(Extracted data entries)
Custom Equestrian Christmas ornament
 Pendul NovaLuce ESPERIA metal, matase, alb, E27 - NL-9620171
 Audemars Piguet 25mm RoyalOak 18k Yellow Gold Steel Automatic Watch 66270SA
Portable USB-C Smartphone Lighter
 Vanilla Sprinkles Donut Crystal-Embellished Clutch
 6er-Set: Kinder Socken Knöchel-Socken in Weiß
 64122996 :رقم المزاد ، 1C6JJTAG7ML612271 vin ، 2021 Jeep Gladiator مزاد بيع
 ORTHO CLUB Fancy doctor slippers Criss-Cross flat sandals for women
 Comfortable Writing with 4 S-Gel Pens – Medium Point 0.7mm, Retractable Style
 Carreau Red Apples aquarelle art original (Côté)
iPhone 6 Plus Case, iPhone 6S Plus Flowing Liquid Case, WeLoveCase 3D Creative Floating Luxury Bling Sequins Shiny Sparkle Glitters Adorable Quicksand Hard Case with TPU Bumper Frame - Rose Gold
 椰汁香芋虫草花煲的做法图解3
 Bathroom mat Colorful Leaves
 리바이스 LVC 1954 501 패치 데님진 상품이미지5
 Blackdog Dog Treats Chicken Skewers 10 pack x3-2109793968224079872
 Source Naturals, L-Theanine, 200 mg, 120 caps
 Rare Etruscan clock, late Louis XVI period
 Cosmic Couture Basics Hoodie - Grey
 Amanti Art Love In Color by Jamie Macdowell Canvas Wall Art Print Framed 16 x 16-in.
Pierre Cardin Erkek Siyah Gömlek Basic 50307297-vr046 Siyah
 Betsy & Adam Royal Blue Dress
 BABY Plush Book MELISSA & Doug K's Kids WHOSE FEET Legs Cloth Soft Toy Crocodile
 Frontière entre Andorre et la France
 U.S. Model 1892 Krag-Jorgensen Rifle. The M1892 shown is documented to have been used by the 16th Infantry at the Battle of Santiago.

▶ [Problem]
Your task is to give the records above again, exactly.

▶ [Your response]
Custom Equestrian Christmas ornament
 Pendul NovaLuce ESPERIA metal, matase, alb, E27 - NL-9620171
 Audemars Piguet 25mm RoyalOak 18k Yellow Gold Steel Automatic Watch 66270SA
Portable USB-C Smartphone Lighter
 Vanilla Sprinkles Donut Crystal-Embellished Clutch
 6er-Set: Kinder Socken Knöchel-Socken in Weiß
 64122996 :رقم المزاد ، 1C6JJTAG7ML612271 vin ، 2021 Jeep Gladiator مزاد بيع
 ORTHO CLUB Fancy doctor slippers Criss-Cross flat sandals for women
 Comfortable Writing with 4 S-Gel Pens – Medium Point 0.7mm, Retractable Style
 Carreau Red Apples aquarelle art original (Côté)
iPhone 6 Plus Case, iPhone 6S Plus Flowing Liquid Case, WeLoveCase 3D Creative Floating Luxury Bling Sequins Shiny Sparkle Glitters Adorable Quicksand Hard Case with TPU Bumper Frame - Rose Gold
 椰汁香芋虫草花煲的做法图解3
 Bathroom mat Colorful Leaves
 리바이스 LVC 1954 501 패치 데님진 상품이미지5
 Blackdog Dog Treats Chicken Skewers 10 pack x3-2109793968224079872
 Source Naturals, L-Theanine, 200 mg, 120 caps
 Rare Etruscan clock, late Louis XVI period
 Cosmic Couture Basics Hoodie - Grey
 Amanti Art Love In Color by Jamie Macdowell Canvas Wall Art Print Framed 16 x 16-in.
Pierre Cardin Erkek Siyah Gömlek Basic 50307297-vr046 Siyah
 Betsy & Adam Royal Blue Dress
 BABY Plush Book MELISSA & Doug K's Kids WHOSE FEET Legs Cloth Soft Toy Crocodile
 Frontière entre Andorre et la France
 U.S. Model 1892 Krag-Jorgensen Rifle. The M1892 shown is documented to have been used by the 16th Infantry at the Battle of Santiago.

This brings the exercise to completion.